__WHAT THIS TASK INVOLVES__
Nothing should appear in the answer except the lines below from the line containing "Algae Cleaning Brush" through the line containing "Modern Apartment By", copied exactly, with pictures left out.

__LISTED RECORDS__
BEGIN

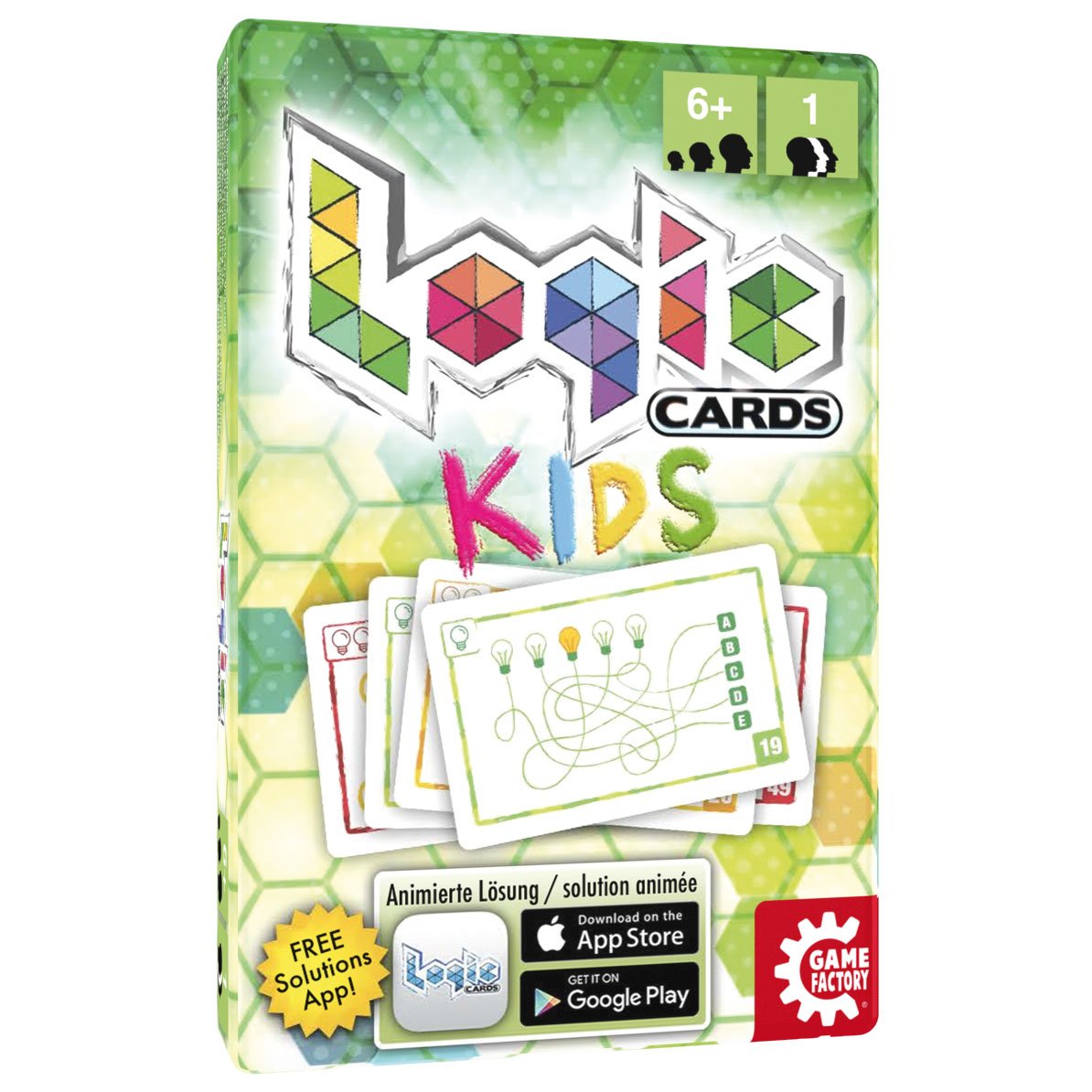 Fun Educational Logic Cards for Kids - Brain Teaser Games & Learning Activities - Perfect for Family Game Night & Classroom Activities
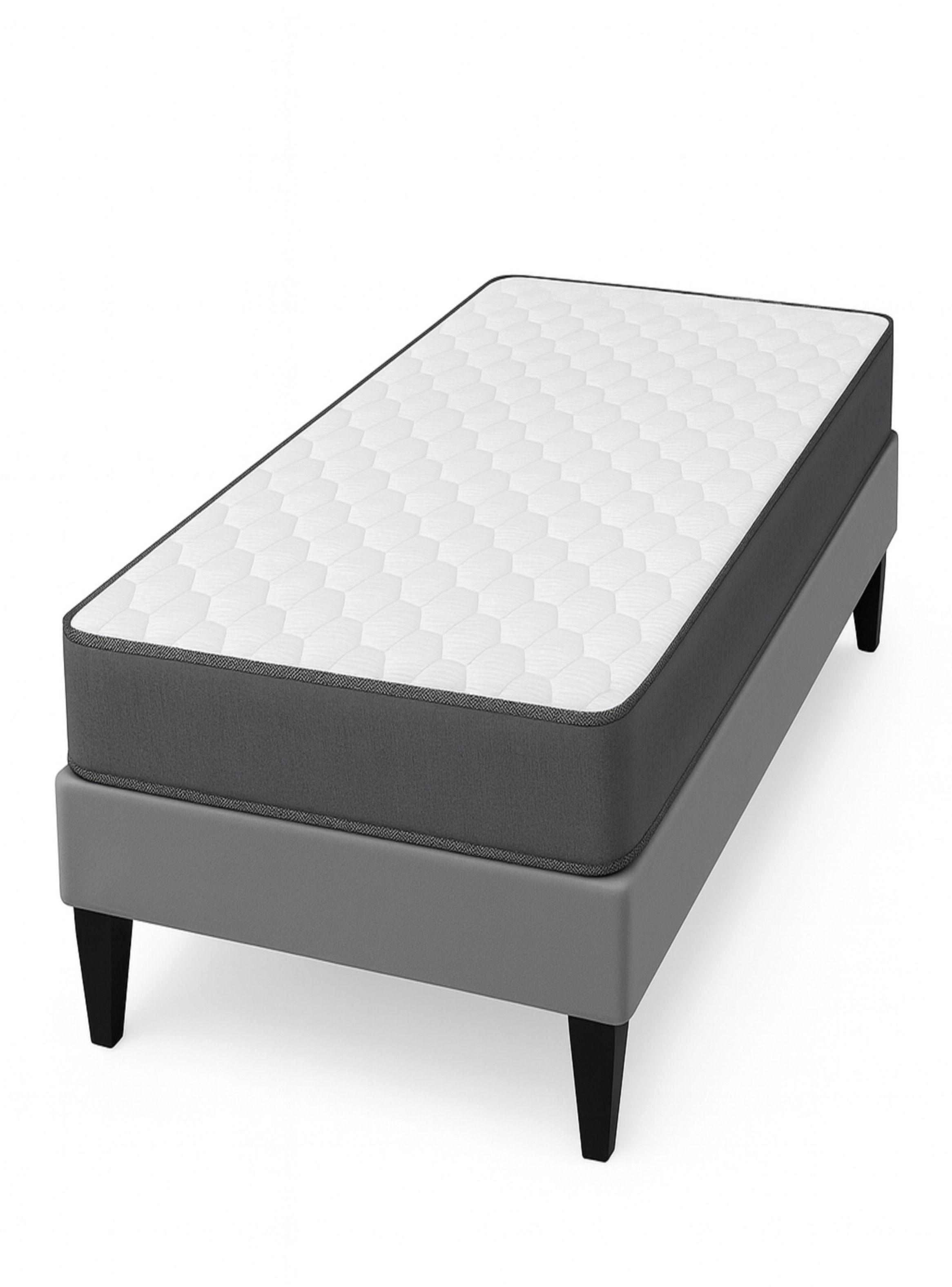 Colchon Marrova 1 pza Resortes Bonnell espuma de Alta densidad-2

END
BEGIN

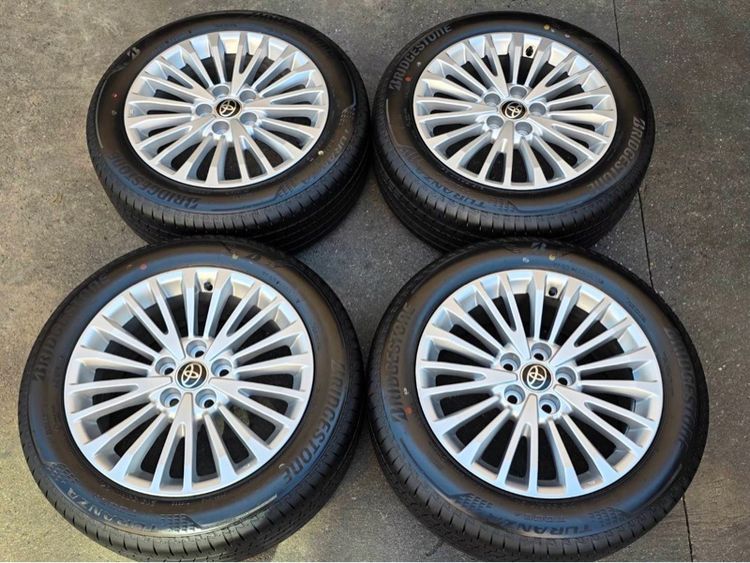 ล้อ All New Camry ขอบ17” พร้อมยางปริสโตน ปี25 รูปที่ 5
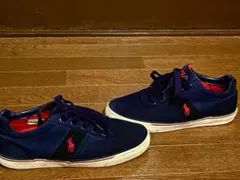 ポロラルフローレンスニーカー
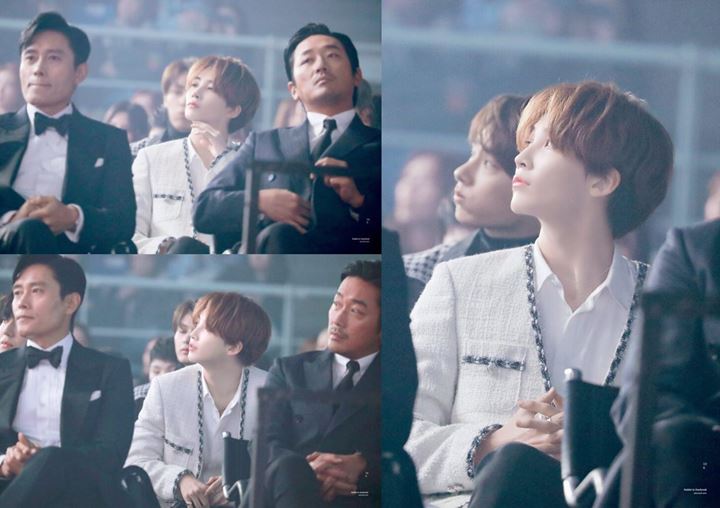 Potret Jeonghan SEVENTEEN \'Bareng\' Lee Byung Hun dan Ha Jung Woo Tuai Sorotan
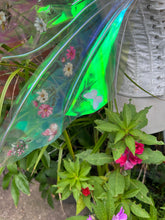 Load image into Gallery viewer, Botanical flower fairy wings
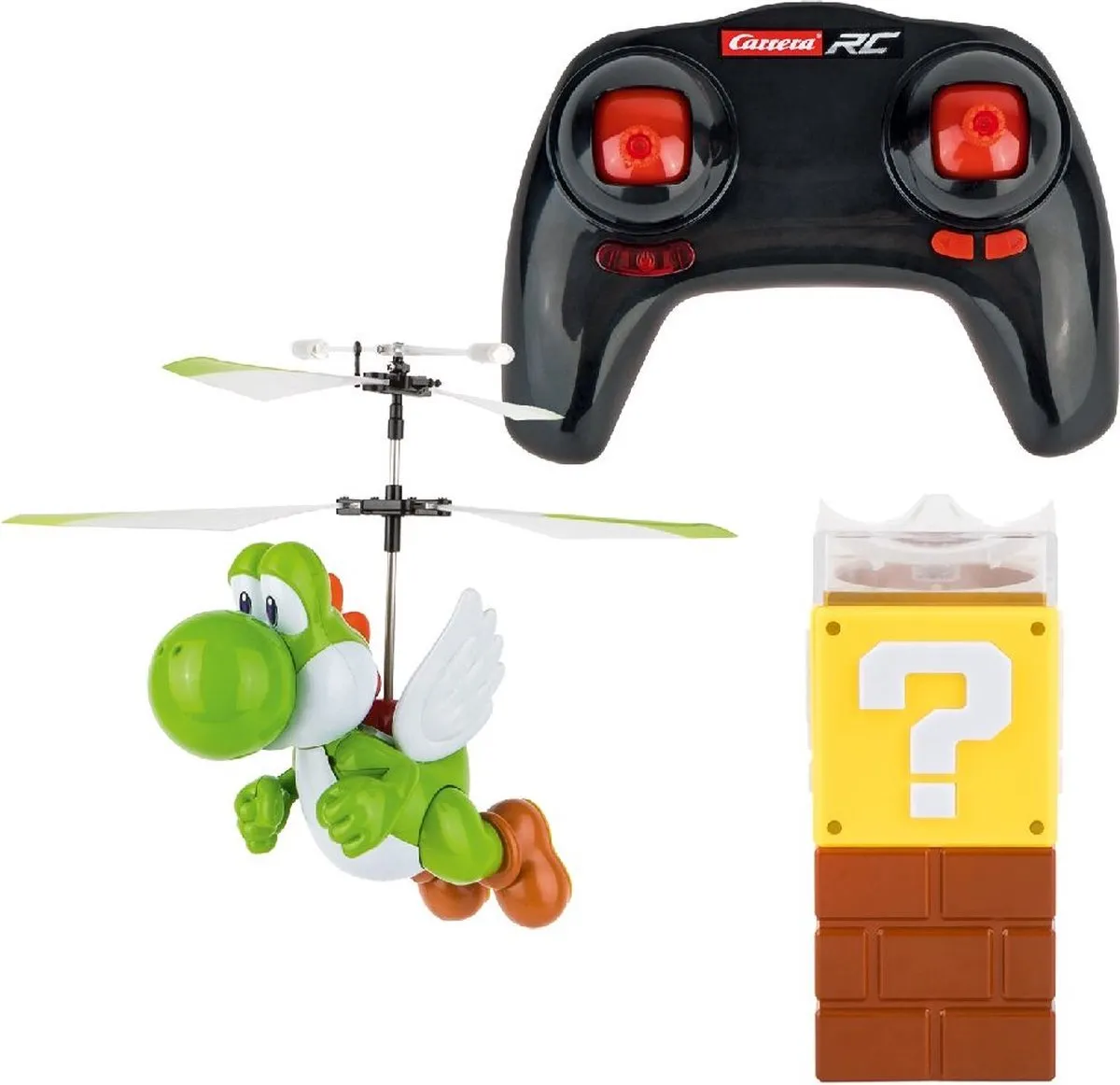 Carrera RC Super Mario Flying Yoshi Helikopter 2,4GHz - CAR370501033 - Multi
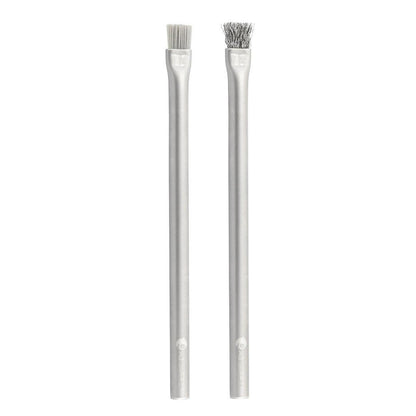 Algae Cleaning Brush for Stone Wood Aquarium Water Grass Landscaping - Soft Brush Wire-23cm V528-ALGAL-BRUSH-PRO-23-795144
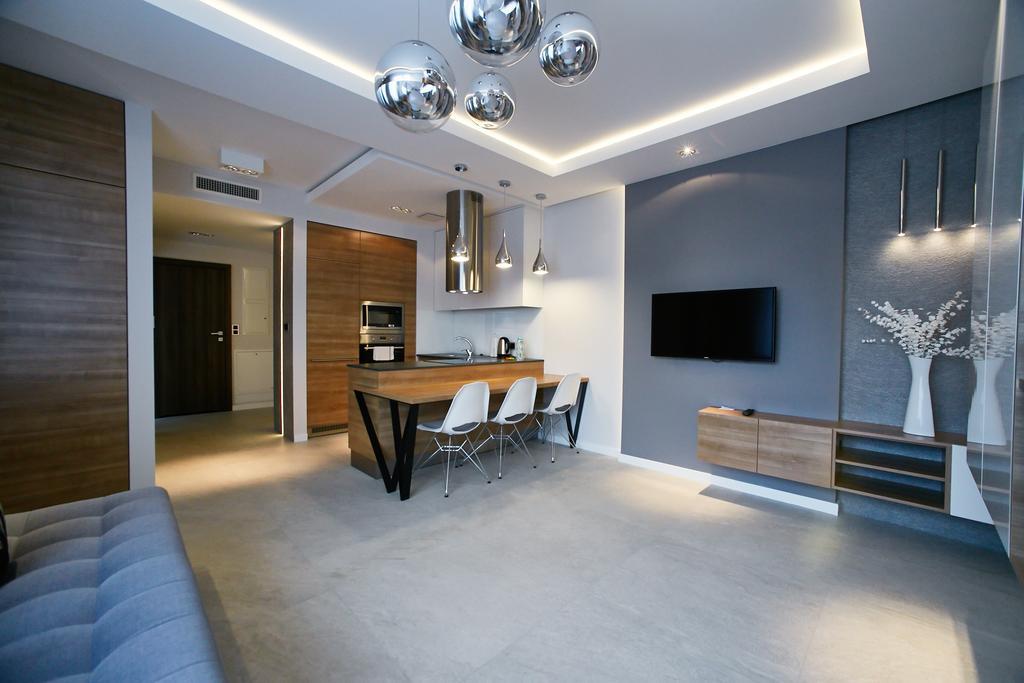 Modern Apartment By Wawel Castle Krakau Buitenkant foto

END
BEGIN

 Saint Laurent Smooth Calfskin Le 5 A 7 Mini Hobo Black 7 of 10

END

__TASK OUTPUT__
 Algae Cleaning Brush for Stone Wood Aquarium Water Grass Landscaping - Soft Brush Wire-23cm V528-ALGAL-BRUSH-PRO-23-795144
 Modern Apartment By Wawel Castle Krakau Buitenkant foto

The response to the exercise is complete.